In Sweden , December inflation figures are due out on Thursday. We expect the CPIF to print 0.9 % y/y, which is 0.2 percentage points below the Riksbank's forecast. This is not in itself enough to trigger Riksbank action but we expect this margin to widen again in coming months.
Tuesday's budget figures will also be important. It is important to watch whether the strong underlying trend in tax revenues continues or not. In the background, the most recent figures from the Migration Agency show that the number of asylum seekers dropped sharply to about 1,500 persons last week after government restrictions introduced on 1 January. If it prevails, this level is much below the assumption in the Debt Office's most recent forecast and could add support to SGBs.

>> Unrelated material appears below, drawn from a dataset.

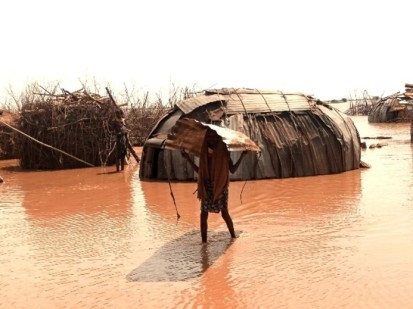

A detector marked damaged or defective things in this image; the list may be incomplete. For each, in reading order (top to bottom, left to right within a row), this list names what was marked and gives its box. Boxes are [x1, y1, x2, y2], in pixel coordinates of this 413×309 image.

rusty metal roofing [176, 87, 316, 113]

The significant news last week in Sweden was that the Riksbank is now officially prepared to perform FX interventions as a means to bolster the rise in inflation. We do not envisage the Riksbank making 'standalone' FX interventions. Rather, such interventions will have a much better chance of being successful if they are supported by a repo rate cut, a lower/flatter repo rate forecast and an extended QE programme. Hence, we stick to the view that the Riksbank will have to cut the repo rate again in April.
In Norway , inflation is on the way up due to higher import prices in the wake of the weaker krone. The drop in the krone gained momentum in the autumn of 2015, which suggests that the upward trend in inflation will continue through to the end of the year. We therefore expect core inflation of 3.1% y/y in December.
In Denmark, the statistical office is due to release inflation figures for December on Monday. Inflation has been extraordinarily low over the past year, due mainly to the slide in oil prices pulling down manufacturers' production costs. We expect inflation of -0.3% m/m or 0.2% y/y in December but there is a fair amount of uncertainty.
The Danish central Bank hiked rates by 10bp and lowered the current account rate last week. We still argue that the Danish market is pricing in rate hikes too aggressively in Denmark.